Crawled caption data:
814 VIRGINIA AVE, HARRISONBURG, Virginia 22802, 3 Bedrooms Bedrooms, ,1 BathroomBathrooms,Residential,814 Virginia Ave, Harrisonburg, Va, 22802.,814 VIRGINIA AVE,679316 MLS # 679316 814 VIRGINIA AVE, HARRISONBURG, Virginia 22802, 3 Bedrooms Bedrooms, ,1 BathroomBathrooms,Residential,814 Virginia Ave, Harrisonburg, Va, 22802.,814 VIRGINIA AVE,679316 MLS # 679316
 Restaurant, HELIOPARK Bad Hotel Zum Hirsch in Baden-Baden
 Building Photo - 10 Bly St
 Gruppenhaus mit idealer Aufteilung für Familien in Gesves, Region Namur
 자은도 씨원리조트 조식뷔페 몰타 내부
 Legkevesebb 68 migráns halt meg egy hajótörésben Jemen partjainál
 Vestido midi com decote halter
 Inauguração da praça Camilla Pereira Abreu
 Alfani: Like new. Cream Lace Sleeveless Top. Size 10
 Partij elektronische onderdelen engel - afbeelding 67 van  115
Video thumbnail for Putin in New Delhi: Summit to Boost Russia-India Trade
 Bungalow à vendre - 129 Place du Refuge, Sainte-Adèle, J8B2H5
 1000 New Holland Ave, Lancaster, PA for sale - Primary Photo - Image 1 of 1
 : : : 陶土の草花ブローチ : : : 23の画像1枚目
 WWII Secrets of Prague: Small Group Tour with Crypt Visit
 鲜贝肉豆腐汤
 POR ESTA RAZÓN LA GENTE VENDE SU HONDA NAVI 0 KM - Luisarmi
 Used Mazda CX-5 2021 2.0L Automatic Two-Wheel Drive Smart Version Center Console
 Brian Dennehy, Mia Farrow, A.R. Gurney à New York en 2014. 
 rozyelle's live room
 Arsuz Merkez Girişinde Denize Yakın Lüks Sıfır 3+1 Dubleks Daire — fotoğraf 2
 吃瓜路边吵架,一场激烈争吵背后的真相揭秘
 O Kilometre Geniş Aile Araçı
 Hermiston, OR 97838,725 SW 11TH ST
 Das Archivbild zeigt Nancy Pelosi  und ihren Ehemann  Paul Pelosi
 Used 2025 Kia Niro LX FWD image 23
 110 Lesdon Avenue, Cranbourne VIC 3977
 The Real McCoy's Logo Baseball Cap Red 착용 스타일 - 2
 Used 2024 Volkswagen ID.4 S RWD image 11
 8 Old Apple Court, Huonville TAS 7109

REQUIRED WORK: Copy out the entries. Leave every line exactly as it is.

RESULT OF THIS EXERCISE:
814 VIRGINIA AVE, HARRISONBURG, Virginia 22802, 3 Bedrooms Bedrooms, ,1 BathroomBathrooms,Residential,814 Virginia Ave, Harrisonburg, Va, 22802.,814 VIRGINIA AVE,679316 MLS # 679316 814 VIRGINIA AVE, HARRISONBURG, Virginia 22802, 3 Bedrooms Bedrooms, ,1 BathroomBathrooms,Residential,814 Virginia Ave, Harrisonburg, Va, 22802.,814 VIRGINIA AVE,679316 MLS # 679316
 Restaurant, HELIOPARK Bad Hotel Zum Hirsch in Baden-Baden
 Building Photo - 10 Bly St
 Gruppenhaus mit idealer Aufteilung für Familien in Gesves, Region Namur
 자은도 씨원리조트 조식뷔페 몰타 내부
 Legkevesebb 68 migráns halt meg egy hajótörésben Jemen partjainál
 Vestido midi com decote halter
 Inauguração da praça Camilla Pereira Abreu
 Alfani: Like new. Cream Lace Sleeveless Top. Size 10
 Partij elektronische onderdelen engel - afbeelding 67 van  115
Video thumbnail for Putin in New Delhi: Summit to Boost Russia-India Trade
 Bungalow à vendre - 129 Place du Refuge, Sainte-Adèle, J8B2H5
 1000 New Holland Ave, Lancaster, PA for sale - Primary Photo - Image 1 of 1
 : : : 陶土の草花ブローチ : : : 23の画像1枚目
 WWII Secrets of Prague: Small Group Tour with Crypt Visit
 鲜贝肉豆腐汤
 POR ESTA RAZÓN LA GENTE VENDE SU HONDA NAVI 0 KM - Luisarmi
 Used Mazda CX-5 2021 2.0L Automatic Two-Wheel Drive Smart Version Center Console
 Brian Dennehy, Mia Farrow, A.R. Gurney à New York en 2014. 
 rozyelle's live room
 Arsuz Merkez Girişinde Denize Yakın Lüks Sıfır 3+1 Dubleks Daire — fotoğraf 2
 吃瓜路边吵架,一场激烈争吵背后的真相揭秘
 O Kilometre Geniş Aile Araçı
 Hermiston, OR 97838,725 SW 11TH ST
 Das Archivbild zeigt Nancy Pelosi  und ihren Ehemann  Paul Pelosi
 Used 2025 Kia Niro LX FWD image 23
 110 Lesdon Avenue, Cranbourne VIC 3977
 The Real McCoy's Logo Baseball Cap Red 착용 스타일 - 2
 Used 2024 Volkswagen ID.4 S RWD image 11
 8 Old Apple Court, Huonville TAS 7109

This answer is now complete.